Kedua, tidak memisahkan seluruh tindakan bisnis dengan nilai-nilai kemanusiaan dengan mengedepankan akhlak yang terpuji yaitu kejujuran, sikap amanah, suka menunaikan janji, bersikap konsekwen dalam membayar hutang dan memiliki toleransi dalam menagih hutang, memberi kelonggaran kepada orang yang berhutang dan kesulitan membayarnya, memahami kekurangan orang lain, memenuhi hak-hak orang lain, menghindari sikap menahan hak, menipu, manipulasi dan sejenisnya.

Karena akhlak yang baik adalah tulang punggung agama dan dunia.  Akhlak saudagar muslim berpengaruh amat besar dalam penyebaran Islam di berbagai belahan dunia. Islam tersebar melalui perantaraan para saudagar yang berdakwah, bukan da’i yang berniaga.

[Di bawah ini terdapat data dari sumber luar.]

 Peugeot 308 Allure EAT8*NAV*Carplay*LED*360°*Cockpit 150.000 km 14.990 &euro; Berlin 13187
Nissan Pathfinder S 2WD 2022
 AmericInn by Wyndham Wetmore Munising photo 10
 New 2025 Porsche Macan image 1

Sebagaimana firman Allah QS. Al-Baqarah ayat 183 “ katakanlah ucapan yang baik kepada manusia….”. Nabi bersabda “Dua orang yang melakukan aqad jual beli boleh saling menyatakan pilihan, sebelum mereka berpisah dari lokasi penjualan. Kalau keduanya jujur dan berterus terang jual beli mereka akan dipenuhi berkah. Kalau mereka berdusta dan saling menyembunyikan sesuatu, pasti dihapus keberkahan jual beli tersebut….(HR. Bukhari).

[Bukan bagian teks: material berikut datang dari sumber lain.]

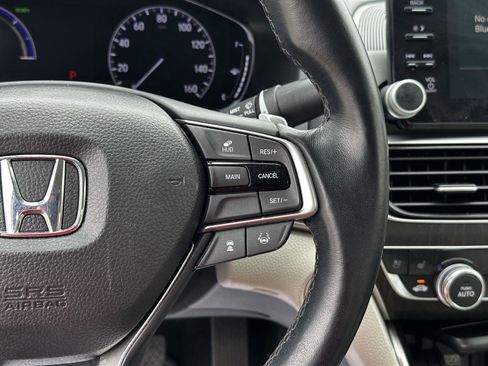 Certified 2019 Honda Accord Touring image 11
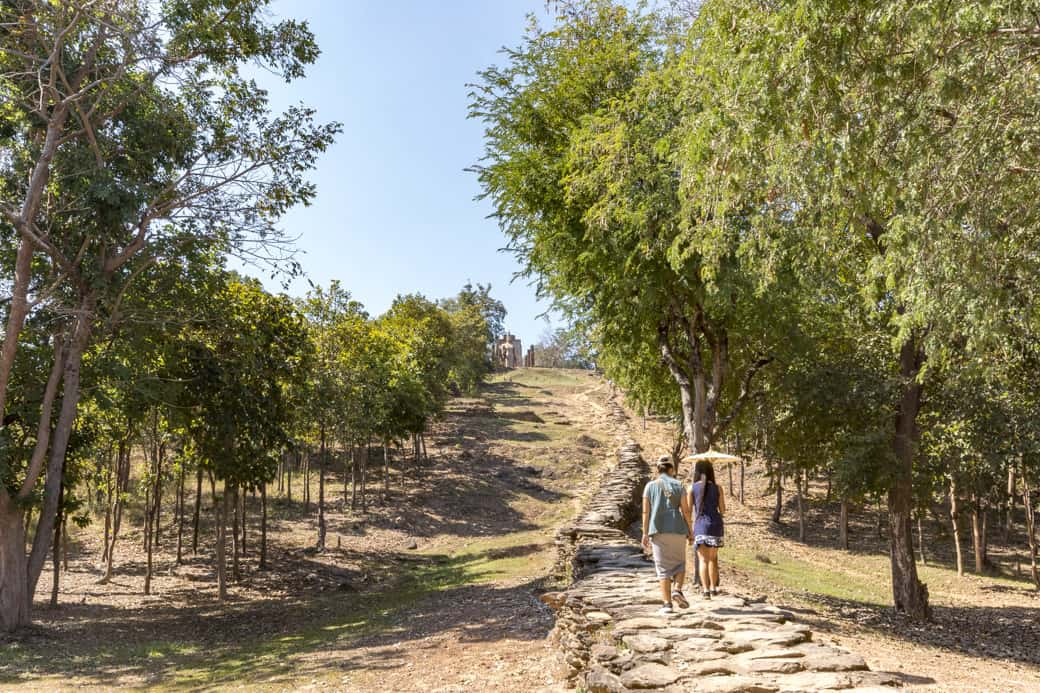 Zwei junge Thaifrauen beim Aufstiegt zum Bergtempel Wat SaPhan Hin in Sukhothai - Thailand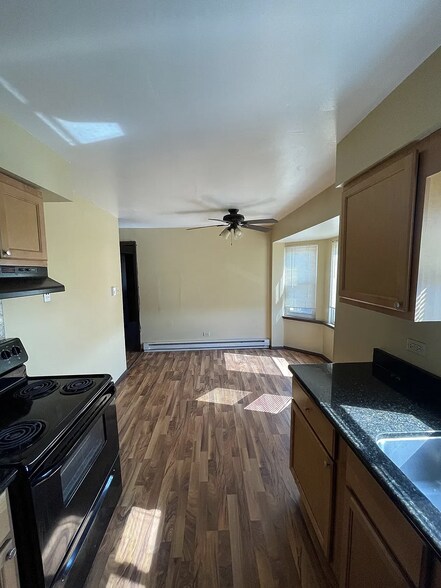 More Photos Of 437 Prairie Ave, Calumet City Apartments For Sale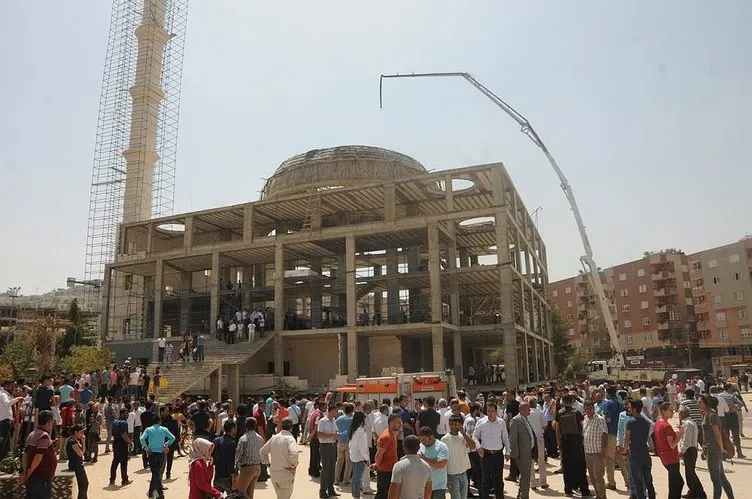 Cami inşaatında feci kaza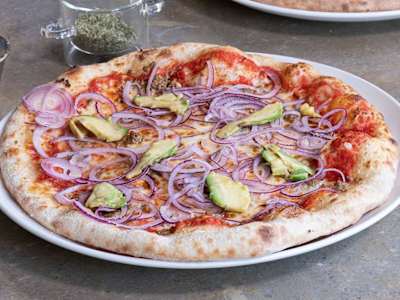 Pizza Mexicana con Toque Picante / Mexican Pizza with a Spicy Touch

Ketiga, senantiasa mempertimbangkan kemashlahatan masyarakat atas kepentingan pribadi. Allah telah menghalalkan yang baik-baik kepada para hamba-Nya dan mengharamkan yang jelek-jelek (QS: al-A’raf ayat 157, Al-Maidah ayat 100). Seorang muslim tidak boleh lari dari yang dihalalkan Allah untuk mendapatkan keuntungan dengan mengejar yang diharamkan Allah. Ditangan pengusaha muslimlah harta tidak akan berubah menjadi alat perusak kehidupan masyarakat, menghancurkan rumah yang sejahtera, dan merusakkan generasi yang dilahirkan.

Maka hindari memakan harta orang lain dengan cara haram. Kehormatan harta seorang muslim seperti kehormatan darahnya. Harta seorang muslim haram untuk diambil kecuali dengan kerelaan hatinya. QS. An-Nisa’ ayat 29 dan Al-Baqarah ayat 188. Rasulullah SAW bersabda “Janganlah diantara kalian menjual sesuatu yang masih dalam proses jual beli dengan orang lain” (HR. Buhkari Muslim). “Tidak ada yang menimbun kecuali ahli maksiat” (HR. Muslim). “Barang siapa yang bersumpah untuk mendapatkan harta seorang muslim dengan cara haram, ia akan bertemu dengan Allah dan Allah dalam keadaan murka” (HR. Muslim).

Keempat, menegakkan prinsip-prinsip kesamaan hak dan kewajiban di antara sesama manusia. Maka  mempelajari hukum-hukum dan adab mu’amalah Islam penting untuk mendapatkan berkah dalam usaha bisnis. Umar ibn Khathab pernah mengeluarkan orang dari pasar karena tidak mengerti hukum jual-beli.

Rasulullah Saw beserta para sahabat telah memberikan teladan bagaimana menyeimbangkan kegiatan ibadah langsung kepada Allah Swt dengan urusan bisnis (mu'amalah). Dengan managemen waktu dan sistem prioritas yang prima, kedua jenis ibadah tersebut tidak saling menghambat bahkan saling memperkuat. Bahkan bisnis di bulan Ramadhan bisa dijadikan momentum untuk meraih keberkahan di dunia dan akherat, baik bagi diri, keluarga dan lingkungan, sebagaimana yang ditekankan dalam prinsip ekonomi Islam. Sehingga pertimbangan aspek halal-haram dan manfaat-mudharat harus selalu menjadi pijakan dalam seluruh keputusan bisnis. 

Dalam prinsip Ekonomi Islam tidak hanya harta yang harus ditumbuhkembangkan, namun keselamatan agama, jiwa, akal dan kehormatan/keturunan juga harus diperhitungkan dengan cermat. Untuk meraih keberkahan keuntungan bisnis Islam menekankan untuk selalu menghindar dari maisyir (spekulasi/judi), gharar (ketidakjelasan), riba, dan transaksi yang mengandung unsur kezaliman dan maksiat. Mudah-mudahan berbisnis dibulan ramadhan mampu melipatgandakan keuntungan dunia dan akhirat sekaligus. Wallahu’alam.